Return the lines of the data below in which the string "Thái" occurs.

(Task data)

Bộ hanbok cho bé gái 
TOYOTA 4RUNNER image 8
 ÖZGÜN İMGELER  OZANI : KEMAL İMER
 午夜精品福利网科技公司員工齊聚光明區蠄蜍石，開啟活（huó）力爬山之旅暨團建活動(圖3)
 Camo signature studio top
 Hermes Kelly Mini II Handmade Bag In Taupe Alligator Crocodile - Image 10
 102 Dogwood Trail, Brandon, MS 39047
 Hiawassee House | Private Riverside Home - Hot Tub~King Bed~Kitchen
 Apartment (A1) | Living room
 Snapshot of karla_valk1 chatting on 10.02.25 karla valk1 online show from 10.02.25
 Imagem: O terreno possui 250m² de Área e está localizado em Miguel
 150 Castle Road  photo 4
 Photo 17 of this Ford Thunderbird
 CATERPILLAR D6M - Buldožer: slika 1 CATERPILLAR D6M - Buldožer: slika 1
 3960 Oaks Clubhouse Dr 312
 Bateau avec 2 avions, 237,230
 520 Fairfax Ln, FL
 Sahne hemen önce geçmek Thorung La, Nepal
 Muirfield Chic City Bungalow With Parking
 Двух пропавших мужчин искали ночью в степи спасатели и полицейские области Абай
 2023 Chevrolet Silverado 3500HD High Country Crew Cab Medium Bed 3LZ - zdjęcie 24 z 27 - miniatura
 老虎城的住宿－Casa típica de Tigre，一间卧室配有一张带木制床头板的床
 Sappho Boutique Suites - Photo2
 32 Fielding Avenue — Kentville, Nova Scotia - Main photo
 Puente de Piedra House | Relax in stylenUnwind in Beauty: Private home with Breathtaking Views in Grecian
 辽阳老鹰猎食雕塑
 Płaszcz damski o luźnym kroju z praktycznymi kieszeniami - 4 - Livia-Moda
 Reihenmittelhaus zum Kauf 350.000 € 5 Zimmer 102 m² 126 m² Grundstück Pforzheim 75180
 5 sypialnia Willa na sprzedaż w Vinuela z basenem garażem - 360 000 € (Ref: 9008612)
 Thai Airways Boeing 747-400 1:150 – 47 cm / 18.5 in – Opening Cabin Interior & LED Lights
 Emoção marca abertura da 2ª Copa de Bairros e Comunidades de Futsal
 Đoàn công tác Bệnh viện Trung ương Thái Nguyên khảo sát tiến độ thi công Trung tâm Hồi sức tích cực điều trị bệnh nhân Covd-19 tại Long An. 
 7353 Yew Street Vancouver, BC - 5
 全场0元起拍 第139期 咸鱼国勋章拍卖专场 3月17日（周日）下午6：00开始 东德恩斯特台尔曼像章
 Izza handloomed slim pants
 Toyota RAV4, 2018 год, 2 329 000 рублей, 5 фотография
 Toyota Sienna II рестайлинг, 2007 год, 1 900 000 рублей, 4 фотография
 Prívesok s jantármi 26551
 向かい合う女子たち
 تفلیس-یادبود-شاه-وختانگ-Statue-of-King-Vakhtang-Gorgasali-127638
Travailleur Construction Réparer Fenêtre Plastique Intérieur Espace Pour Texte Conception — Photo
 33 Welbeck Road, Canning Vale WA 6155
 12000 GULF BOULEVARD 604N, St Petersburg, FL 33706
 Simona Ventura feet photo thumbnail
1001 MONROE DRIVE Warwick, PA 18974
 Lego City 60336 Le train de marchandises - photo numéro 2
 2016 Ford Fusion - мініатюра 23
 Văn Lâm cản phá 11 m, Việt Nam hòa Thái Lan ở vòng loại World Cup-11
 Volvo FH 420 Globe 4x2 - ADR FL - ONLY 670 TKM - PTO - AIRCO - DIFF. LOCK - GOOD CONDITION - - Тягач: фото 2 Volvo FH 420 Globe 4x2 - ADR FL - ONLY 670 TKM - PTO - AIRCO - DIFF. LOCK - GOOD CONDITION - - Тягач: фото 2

(End Task data)

:: Your solution ::
 Đoàn công tác Bệnh viện Trung ương Thái Nguyên khảo sát tiến độ thi công Trung tâm Hồi sức tích cực điều trị bệnh nhân Covd-19 tại Long An. 
 Văn Lâm cản phá 11 m, Việt Nam hòa Thái Lan ở vòng loại World Cup-11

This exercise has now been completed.